Molto nutrito, ma anche già premonitore di possibili contestazioni, il programma dei film Fuori Concorso e delle sezioni collaterali.
Il malvoluto da tutti Woody Allen, con Coup de Chance, e Roman Polanski, con The Palace, entrambi fuori concorso, sono destinati probabilmente a più di una polemica, insieme al già menzionato Luc Besson: tutti e tre sono stati coinvolti in casi di abusi sessuali e finiti sotto processo, nel caso dell’89/enne regista di origine polacca con condanna in contumacia. “Mi schiero tra coloro che distinguono le responsabilità dell’uomo dall’artista – ha detto Barbera nella presentazione del programma, rivendicando le sue scelte – e Polanski, che non potrà venire per non rischiare l’estradizione, è un maestro riconosciuto. Allen invece ci sarà, assolto peraltro due volte, mentre per Besson non si è arrivati al processo“.

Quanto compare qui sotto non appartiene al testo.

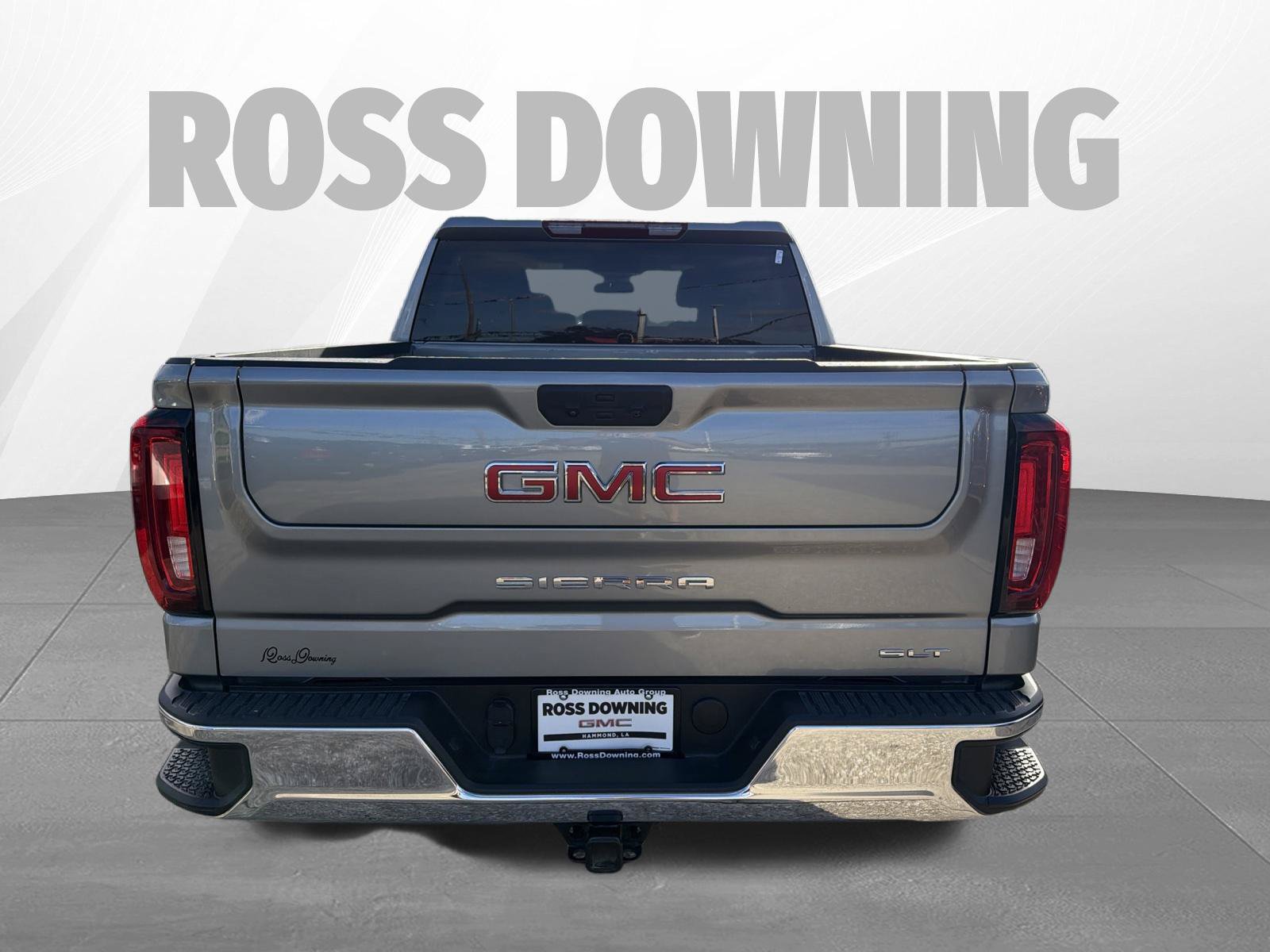 Used 2025 GMC Sierra 1500 SLT AWD/4WD image 5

Ma Venezia è molto altro, con una line up di film attesi come Maestro, seconda regia dell’attore Bradley Cooper che qui si dedica alla biografia del compositore Bernstein nel rapporto con la moglie amatissima (Carey Mulligan); The Killer, che segna il ritorno di David Fincher con un violento thriller con Michael Fassbender; Povere Creature!, film di Yorgos Lanthimos interpretato da Emma Stone: nel film Disney è una specie di Frankenstein femminile spinta da insaziabile voracità sessuale; Ferrari di Michael Mann con Adam Driver nei panni del genio dell’automobile e con Penelope Cruz sua moglie Laura.

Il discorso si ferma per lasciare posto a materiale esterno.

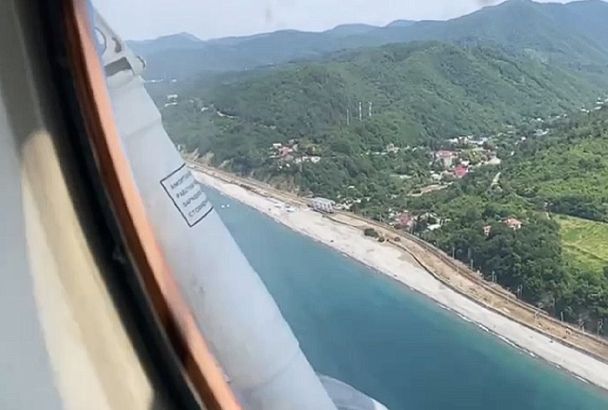 Вертолет подключили к поискам туристки, пропавшей на сапборде в море в Туапсинском районе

In tema vintage, Barbera non si è fatto mancare il leone William Friedkin (profondo innovatore del poliziesco e dell’horror, tanto da essere soprannominato il regista del Male, recentemente scomparso) con The caine mutiny court-martial con Kiefer Sutherland, Richard Linklater e i 40 minuti di The wonderful story of Henry Sugar di Wes Anderson e con Ralph Fiennes e Benedict Cumberbatch.